Whether bestowing forgiveness — maybe on himself for repetitive mistakes (on “I Forgive You”) — or complaining of electronic malfunctions (on “Boyce or Boice”) and other strange afflictions, Joe Casey is now ready to share that world of loss with us: loss in passing, and passing slowly into loss. Familiar places make their appearance in this world; Detroit bar Jumbo’s, which appears in No Passion All Technique, is recalled in “Pontiac 87” — a song whose strident cadence and deadpan delivery tell a tale “of the way it was/Before the scales fell before my eyes.” It’s a tale of loss upon loss. Let your resignation be considered ennui for a city that has decayed around you. Let that resignation be the buffer between you and the excruciating pain that personal failures and unforeseen loss, both sudden and suddenly accelerating, inflict on your psyche: “There’s no use being sad about it/What’s the point of crying about it?” Casey sings.

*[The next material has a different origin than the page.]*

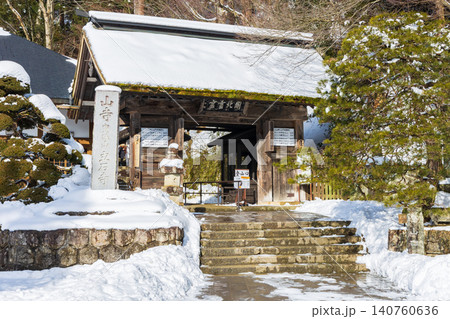 冬の山形県山形市 雪の立石寺(山寺) 山門 冬の山形県山形市 雪の立石寺(山寺) 山門 140760636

Being resigned is not necessarily giving up on yourself or your surroundings, though. “Dope Cloud” could be our narrator railing against the grip that heroin can have on a beaten-down city and how it benefits an undeserving few — or against a wave of hipster gentrification that has the same result. Either way, it is not a pretty picture.
All this doom and gloom can get a person down, but the saving grace of Protomartyr is that the music is constantly fighting against the lyrics to keep a brightness and sense of possibility alive in the songs. The trio of Ahee, bassist Scott Davidson and drummer Alex Leonard are tight and in tune with each other, soaring to heavenly heights on “Ellen,” a song written to Casey’s mother as though from his father, carrying the message of love and renewal of memory from the other side to someone lost in their own body. It’s a very depressing scenario made serene and comforting by the ethereal sky-high guitars and soothing vocals. The guitar work in “Feast of Stephen” has a weird beauty in its dissonance as well. Maybe that glass the stranger is nursing is half-full after all.
On The Agent Intellect, Protomartyr brings you their report from a world falling apart around them, but never gives up on the inhabitants who continue to make their way through the debris to find whatever comfort and joy they can.
Some years ago, I was talking to a few fans after a show who told me how, as kids (!), they would “get all fucked up and paranoid” while they would listen to bootleg cassettes of Mirrors, a Cleveland underground band I played with in the first half of the ’70s. I told them that that was great, because that’s how we felt when we recorded the music. I don’t think Protomartyr is “all fucked up and paranoid,” really, but it seems as though the rest of the world is tilting in that direction — and Joe Casey has his eyes on that shift. Maybe somebody ought to freshen up that drink so we can hear a little more about it. But don’t be surprised if you look back and he’s gone.